Activists amplify call to action from world’s girls

Article Date

25 September 2014

Article Author

Erin Kelly

Media Contact

Anne McPherson

Vice President, Global Communications email [email protected]

Every day, tens of millions of girls around the world don’t have the opportunity to decide when, if, and whom to marry. They don’t have the chance to go to a good school, which can prepare them for jobs that will help lift their families out of poverty. And they lack access to safe, affordable sexual and reproductive health care that will let them control their own future.

Recognizing we have an unprecedented opportunity to improve the lives of girls from Afghanistan to Zimbabwe, the International Center for Research on Women (ICRW), Let Girls Lead, the European Parliamentary Forum on Population and Development, and Advocates for Youth joined together on Monday, September 22, the first day of United Nations General Assembly meetings, to call on world leaders, donors, and the global community to ensure that adolescent girls—and their needs—are central to efforts to end poverty.

“Girls at the Center: Bringing the Girl Declaration to the Post-2015 Agenda” brought speakers together for a panel discussion including ICRW’s Suzanne Petroni, head of Gender, Population and Development, M.A. Keifer, International Policy Analyst at Advocates for Youth, Hon.
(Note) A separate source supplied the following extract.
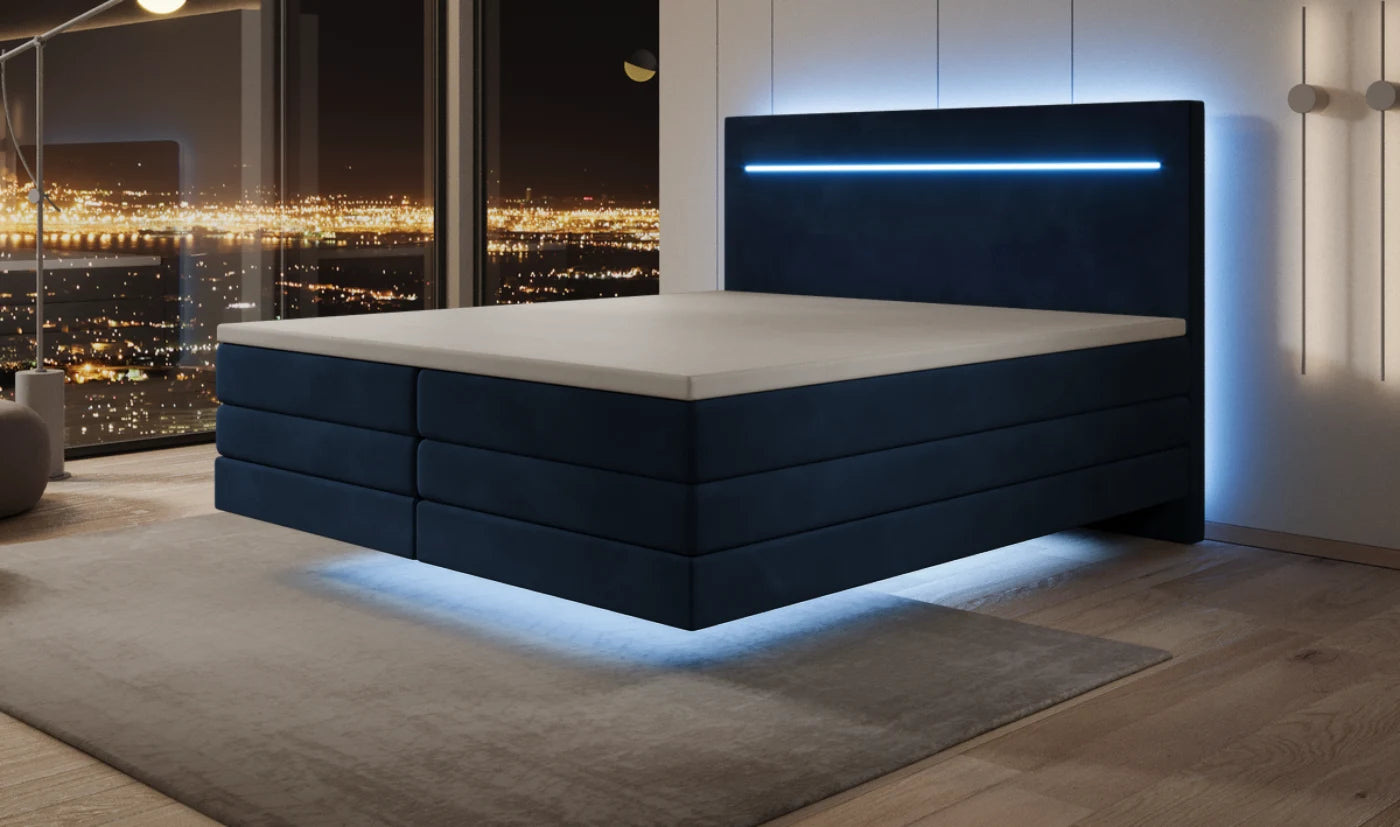 The same box spring bed at night with LED lighting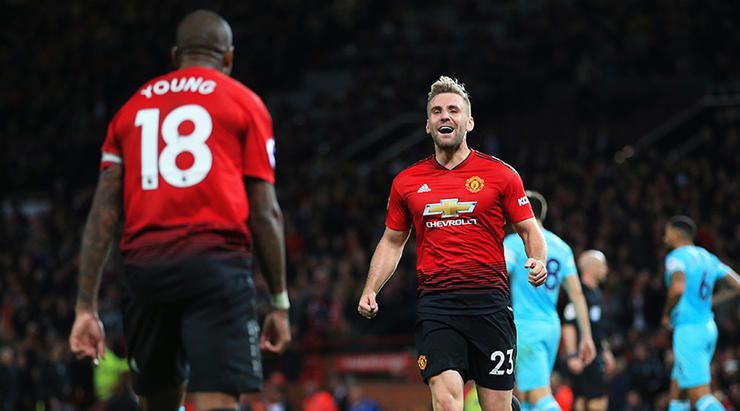 Manchester United's Luke Shaw celebrates with Ashley Young after the third goal during the Premier L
Fawzia Koofi, Member of Parliament in Afghanistan, and Memory Banda, an 18 year-old girl leader and survivor of gender-based violence from Malawi.

Moderated by Howard Taylor, Vice President and Managing Director of the Nike Foundation, panelists discussed the Girl Declaration, a global call to action by more than 500 girls in various developing countries, which serves as a framework for how and where adolescent girls’ needs must be prioritized in the post-2015 development agenda, which member states are currently joining together to discuss.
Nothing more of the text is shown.